牡华天宗隐忍至今,任由着公孙谌撒野的原因,颜如玉觉得和那棵苍树有关。
白大佬挑眉,饶有趣味地说道:“重伤?何来重伤的说法?他们压根就没有结契。”
颜如玉大吃一惊,“可是他们不是道侣……”
细长苍白的手指掐住他的脸,漫不经心地摇了两下,“谁与你说,结为道侣就一定会结契?道侣中能走到结契这一步,只有十之二三。”
颜如玉:“……怪不得颜辉真敢动手。”
白大佬打量着颜如玉,“你就认定了是颜辉。”
颜如玉:“蓝叶舟都让我们走了,在这当口上再横生枝节,感觉不是他的习惯。颜虹大哥虽然不支持父母的行为,但他的为人不可能不孝敬长辈,更别说是杀人。当时在场的,除了颜辉,我是猜不到有谁会这么做。”

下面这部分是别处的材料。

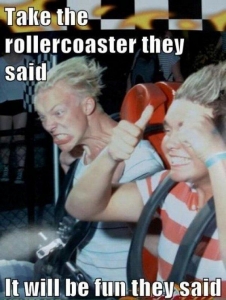 Scared Roller Coaster Guy Straining His Neck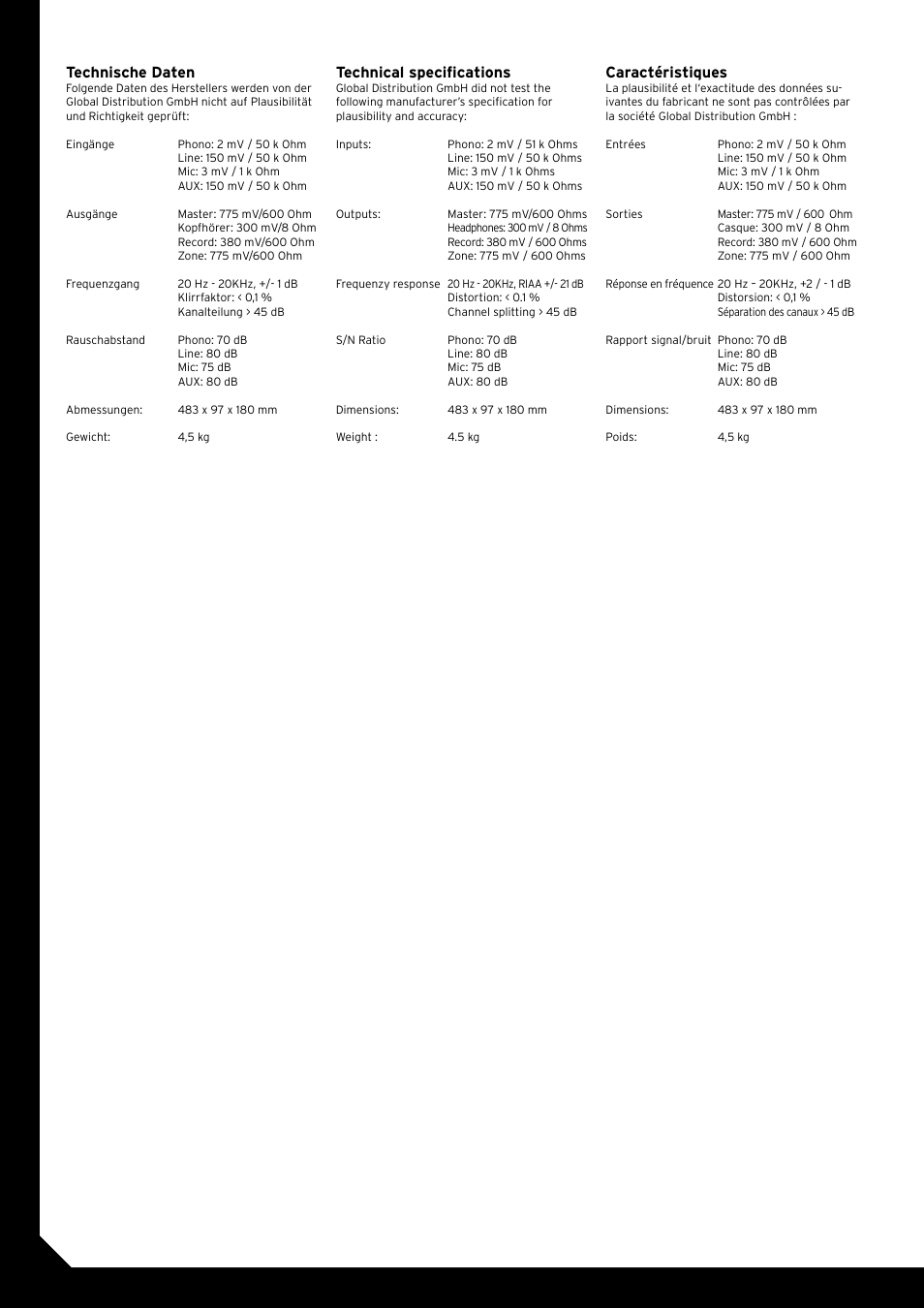 Technische daten, Technical specifications, Caractéristiques | Reloop ACCESS.4 User Manual | Page 10 / 12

白大佬幽幽地说道:“肖想不该有的妄念,却有心却没胆的蠢物!”
他嗤笑了声,薄凉的唇.瓣微动,贴在颜如玉的后脖颈上,冰凉触感让颜如玉打了个寒颤,却在手指往下的时候下意识抓住,甚至没来得及去思考方才公孙谌那意有所指的骂话。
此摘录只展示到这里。